Здесь мы должны решиться на радикальную смену социологической перспективы и от рассмотрения общественной жизни в категориях самотождественности рационального субъекта — этой главной нормы социологической мысли Запада в Новое время, мысли по существу своему рефлективной и критической — перейти к образам социальной идентичности, имеющим экспрессивную и, следовательно, эстетическую природу. Такая идентичность принадлежит области повседневного существования, непосредственности жизненного мира, который формирует этос человеческой общности, предваряющий нормы этики и ценности идеологии. Речь идет о чистой экспрессивности практики, которая не может найти выражение в институтах современного общества и изливается в социальность повседневной жизни как некое неопределенное единство этических и эстетических качеств миросознания ((M. Maffesoli, Les Temps des tribus, Paris: Klincksieck, 1988.)). В понятом таким образом повседневности нет ничего отвлеченно-всеобщего и усредненного. Здесь царит особенное, случайное, непредвиденное, избыточное, восхитительное. Повседневность пестует саму «живость жизни». Она непрерывно ускользает от самой себя и, следовательно, допускает маргинальное и утопичное.

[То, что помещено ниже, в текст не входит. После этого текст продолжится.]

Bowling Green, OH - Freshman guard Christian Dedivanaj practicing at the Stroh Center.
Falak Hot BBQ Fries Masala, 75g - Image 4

В этом смысле повседневность есть всегда «другое» и отсутствующее место, воплощающее силу сопротивления официальному порядку, но сопротивления пассивного и молчаливого, не создающего идеологической альтернативы существующим институтам и нормам. Повседневность по определению не может быть «объектом рассмотрения», недоступность для «критической рефлексии» — существеннейшее ее свойство. М. де Сертё уподобил природу повседневности явлению мимикрии в растительном и животном царствах. «Приемы такого рода, — продолжает М. де Сертё, — поддерживают определенную преемственность и постоянство бессловесной памяти от глубин океана до улиц наших больших городов» ((M. de Certeau, The Practice of Everyday Life. Berkeley: University of California Press, 1984, P. 40.)). Другие авторы сравнивают присутствие повседневности с пустой фигурой, дающей знать о себе самим фактом своего отсутствия (М. Серр), или даже «черной дырой» (М. Маффесоли).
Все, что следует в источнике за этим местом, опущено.